Treasury software solutions offer numerous benefits to businesses, aiding them in streamlining financial operations, optimizing cash flow forecasting, and mitigating financial risks. By automating tasks such as cash positioning and bank data reconciliation, treasury software can help organizations perform accurate scenario analysis and timely reporting, resulting in improved financial management. With treasury software solutions, businesses can achieve greater efficiency and effectiveness in their financial operations, paving the way for enhanced growth and success.Take the first step towards optimizing your financial operations by speaking with our solution expert today. Discover how your company can benefit from HighRadius’ Autonomous Treasury solutions and gain valuable insights on how adopting it can streamline your financial forecasting and mitigate financial risks.

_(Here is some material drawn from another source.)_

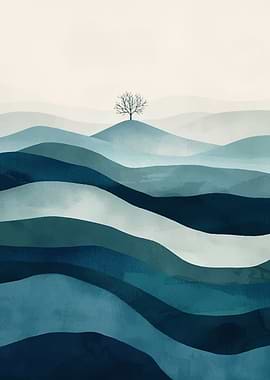 Blue Hills and Solitary Tree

Contact us now to schedule a consultation and start your journey toward financial management excellence.

Frequently Asked Questions (FAQs)


  • What is Cash Flow Forecasting and how does it relate to Treasury Management System?


    Cash Flow Forecasting is a crucial component of treasury management, which involves predicting future cash inflows and outflows of a company. Treasury Management System (TMS) is a software solution that helps in managing the company’s cash and liquidity, which includes Cash Flow Forecasting.



  • What are the benefits of using a Treasury Management System?


    A Treasury Management System helps in automating various treasury processes, improving cash visibility, optimizing liquidity management, reducing manual errors, and enhancing decision-making capabilities.



  • How does HighRadius’ Autonomous Treasury Solutions improve Cash Flow Forecasting?


    HighRadius’ Autonomous Treasury Solutions uses advanced machine learning algorithms to analyze historical data and predict future cash flows with high accuracy, providing real-time insights and enabling better decision-making.